Am zweiten Samstag stand dann die Prüfung an. Wir erwarteten eine typische Prüfungssituation, jedoch hatten sich die beiden etwas Anderes und meiner Meinung nach Besseres ausgesucht. Sie ließen uns eigenständig klettern und dabei liefen sie durch die Halle und schauten bei jedem mal vorbei. Dabei prüfte uns unsere Lehrerin, ohne dass wir es mitbekamen. Daher hatte man auch keinen Prüfungsdruck, denn man war sich ja jeweils gar nicht bewusst, dass man gerade überprüft wurde. Auch musste jede/r ein Falltraining absolvieren, was daraus bestand, dass der/die Kletternde ohne Vorwarnung loslassen sollte, sodass man ins Seil fiel. Dies diente dazu, dass die sichernde Person immer ihre Wachsamkeit unter Beweis stellen musste, da der/die Kletternde zu jeder Zeit abstürzen könnte. Als nächste Stufe zog der/die Sichernde das Seil nicht mehr ein – auch wenn das natürlich im Normalfall nicht der Sinn der Sache sein soll – und man musste auf Mirjam Müllers Kommando hin, die als Hintersicherung dabei war, loslassen, sodass man ein Stück nach unten fiel.
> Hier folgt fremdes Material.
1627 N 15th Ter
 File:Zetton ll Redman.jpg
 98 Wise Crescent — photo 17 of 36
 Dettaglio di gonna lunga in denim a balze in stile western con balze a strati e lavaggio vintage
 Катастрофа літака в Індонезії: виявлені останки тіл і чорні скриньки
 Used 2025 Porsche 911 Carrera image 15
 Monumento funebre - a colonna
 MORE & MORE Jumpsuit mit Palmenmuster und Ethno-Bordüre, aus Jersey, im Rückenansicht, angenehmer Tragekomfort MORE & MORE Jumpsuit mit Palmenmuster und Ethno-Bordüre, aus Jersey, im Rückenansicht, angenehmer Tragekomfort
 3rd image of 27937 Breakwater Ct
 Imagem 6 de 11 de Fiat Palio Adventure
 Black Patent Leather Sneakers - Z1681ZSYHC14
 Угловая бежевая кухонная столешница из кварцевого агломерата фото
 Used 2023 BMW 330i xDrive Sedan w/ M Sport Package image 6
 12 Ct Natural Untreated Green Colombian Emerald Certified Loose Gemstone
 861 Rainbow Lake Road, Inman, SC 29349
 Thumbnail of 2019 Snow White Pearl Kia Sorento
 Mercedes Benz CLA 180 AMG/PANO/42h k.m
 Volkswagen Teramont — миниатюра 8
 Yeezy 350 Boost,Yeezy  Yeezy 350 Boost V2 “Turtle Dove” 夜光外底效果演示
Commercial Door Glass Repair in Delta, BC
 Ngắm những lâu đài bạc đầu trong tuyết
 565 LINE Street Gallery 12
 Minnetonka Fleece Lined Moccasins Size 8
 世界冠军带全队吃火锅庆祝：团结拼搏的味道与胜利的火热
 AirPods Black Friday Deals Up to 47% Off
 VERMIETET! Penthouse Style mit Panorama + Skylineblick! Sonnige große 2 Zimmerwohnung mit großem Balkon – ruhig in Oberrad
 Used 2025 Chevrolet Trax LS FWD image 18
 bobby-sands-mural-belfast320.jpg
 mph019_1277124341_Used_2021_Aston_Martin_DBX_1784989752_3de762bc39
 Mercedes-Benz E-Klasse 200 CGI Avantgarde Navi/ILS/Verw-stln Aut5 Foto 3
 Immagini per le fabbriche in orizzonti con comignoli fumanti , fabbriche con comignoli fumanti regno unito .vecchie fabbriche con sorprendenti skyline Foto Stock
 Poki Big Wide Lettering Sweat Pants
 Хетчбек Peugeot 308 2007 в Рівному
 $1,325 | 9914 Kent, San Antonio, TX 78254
Bei der letzten Stufe wurde das Seil ebenfalls nicht mehr eingezogen, jedoch musste man zudem auch noch zu einem höhergelegenen Griff springen, den man absichtlich verfehlte, damit man noch weiter nach unten fiel und die sichernde Person sogar ein Stück abhob. Der Sinn dahinter wiederum war, dass der/die Kletternde Vertrauen in den Gurt gewinnt und somit weiß, wie es ist, wenn man doch mal abrutscht – und wie man lernt, bei einem Fall richtig zu agieren. Für den/die Sichernde war hierbei wichtig, dass man immer aufmerksam ist und das Seil niemals loslässt, selbst wenn man vielleicht von den Füßen gehoben oder in Richtung Wand gerissen wird.  

Danach zeigten uns die Beiden, was passiert, wenn man als sichernde Person zu weit von der Wand entfernt steht. Nach dieser kurzen, aber eindrucksvollen Vorführung gab es dann Pizza. Der Pizzaservice hatte jedoch aufgrund eines Staus Lieferschwierigkeiten und alle waren erleichtert, als die ersehnte Mahlzeit dann nach langem Warten endlich ankam. Im Anschluss durften wir dann ein weiteres Mal frei wählen, welche Wände wir klettern wollten, bis wir schlussendlich leider alle abgeholt wurden. 

Auch wenn das wirklich zwei anstrengende Samstage waren, haben sie uns allen riesigen Spaß gemacht und unsere Klasse ist ganz heiß darauf, dies vielleicht in absehbarer Zeit zu wiederholen. Alle haben die Kletterprüfung bestanden und aus diesem Grund werden vermutlich auch unserer Sportnoten sehr gut ausfallen 🙃.